In this notebook, we used tensor decompositions to find threats in cyber network logs. We showed how to use ENSIGN to mine unlabeled, multidimensional data for patterns that cue investigations into possible malicious activity. Notably, our investigation did not require labeled data or the use of signature-based methods. In general, tensor decompositions isolate discrete activities in the data and help to discover the "unknown unknowns." While in this notebook we processed the components with a recurrent activity detector to locate a threat, what we described is a flexible workflow that can incorporate numerous detectors in order to find a number of potential threat indicators. Using similar methods, we have previously uncovered and visualized patterns indicative of:

  • Distributed port scans evolving to machine takeover
  • Distributed denial of service attacks
  • DNS-based data exfiltration/insider threat
  • SSH password guessing (apart from scanning)

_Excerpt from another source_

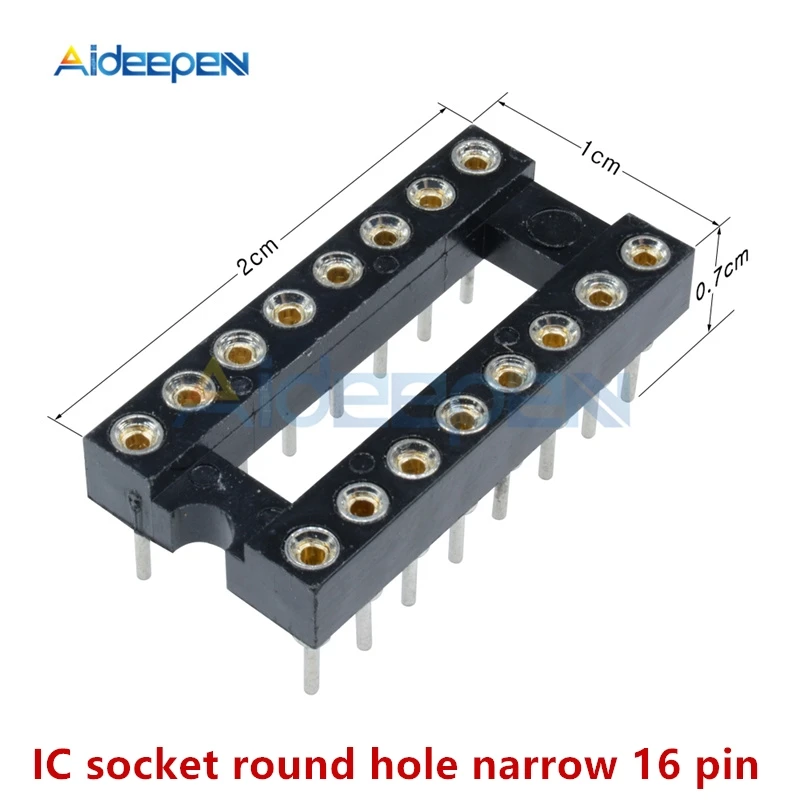 10 шт. IC розетки 6 8 14 16 18 20 28 32 40 контактный разъем DIP6 DIP8 DIP14 DIP16 DIP18 DIP20 DIP28 DIP32 DIP40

  • Network policy violations
  • Exploitation of application-specific port vulnerabilities
  • Patterns of traffic indicative of scans for printers or IoT devices
  • Broken or misconfigured network services
  • Selective, persistent use of cryptographic methods in point-to-point communication

This workflow can be extended such that the patterns are examined on a daily basis to discover “what has changed” and support skilled hunt teams to make directed, efficient use of big-graph platforms and search tools. ENSIGN’s advanced unsupervised machine learning capability connects key dots that make clear who the relevant actors are.